▶ [WHAT TO PRODUCE]
Each record should reappear exactly in your answer, minus any picture.

▶ [PROVIDED RECORDS]
○ ○ ○ ○ ○

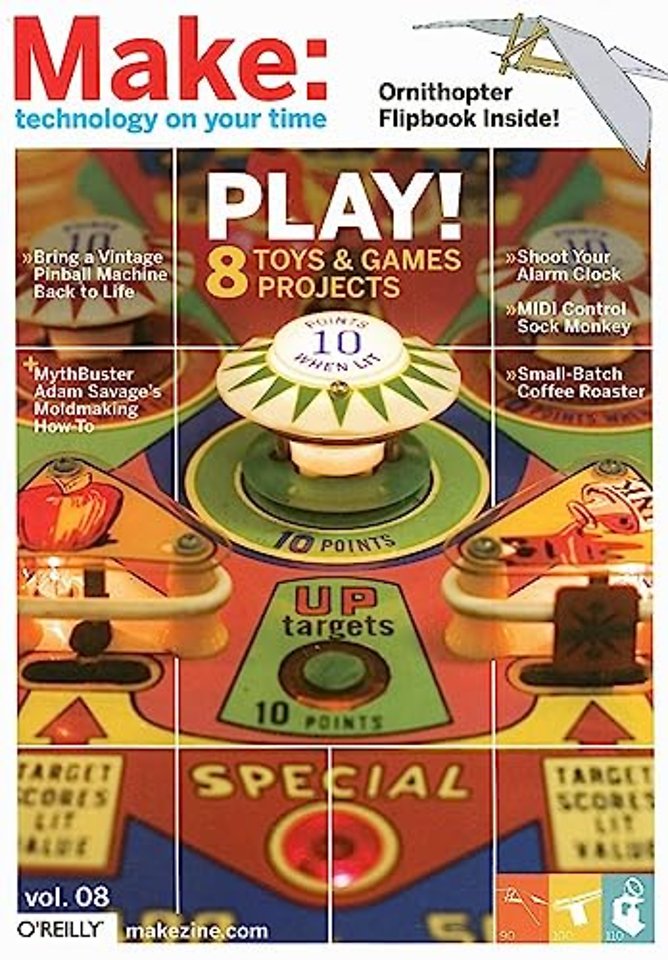 Make – Technology on Your Time V 8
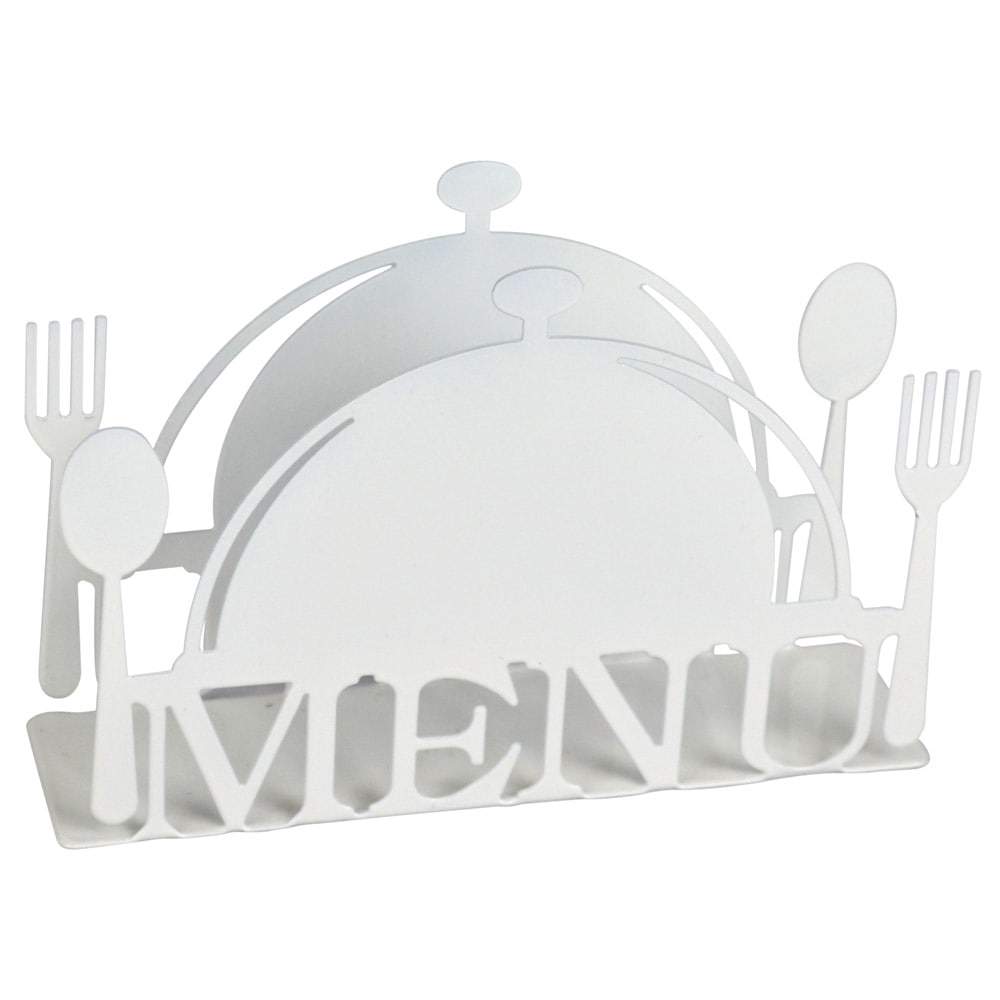 Салфетница Меню 15х10х4см HYW1515
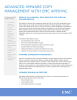 ADVANCED VMWARE COPY MANAGEMENT WITH EMC APPSYNC  SIMPLE, SLA-DRIVEN, SELF-SERVICE FOR VIRTUAL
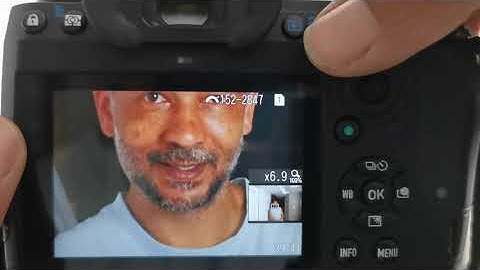 Pentax K-3 Mark III eye AF through the viewfinder (OVF) Does it work? A Self Portrait test.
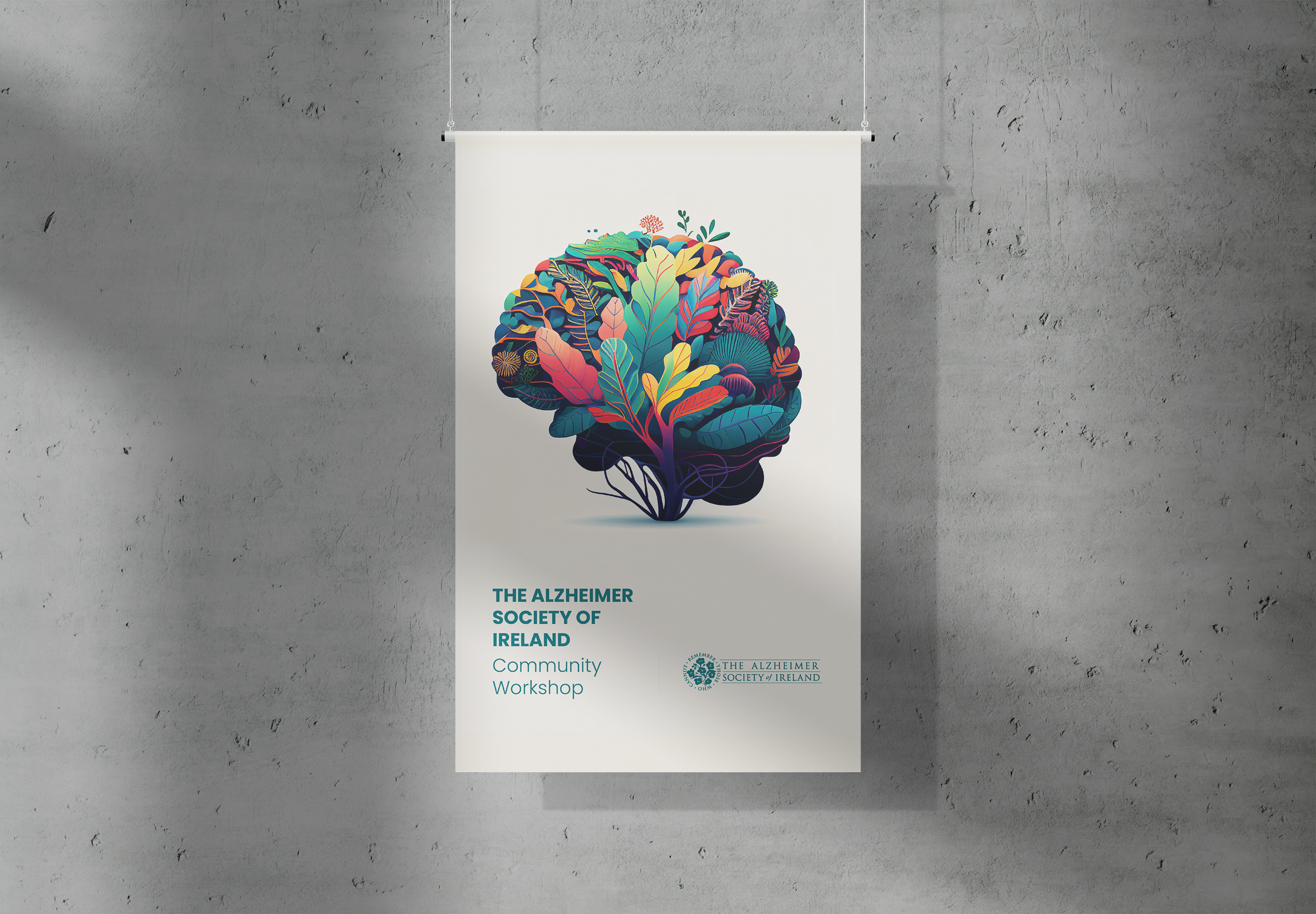 8 ALZHEIMERS SOCIETY - Campaign Posters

○ ○ ○ ○ ○

▶ [RESPONSE]
 Make – Technology on Your Time V 8
 Салфетница Меню 15х10х4см HYW1515
 ADVANCED VMWARE COPY MANAGEMENT WITH EMC APPSYNC  SIMPLE, SLA-DRIVEN, SELF-SERVICE FOR VIRTUAL
 Pentax K-3 Mark III eye AF through the viewfinder (OVF) Does it work? A Self Portrait test.
 8 ALZHEIMERS SOCIETY - Campaign Posters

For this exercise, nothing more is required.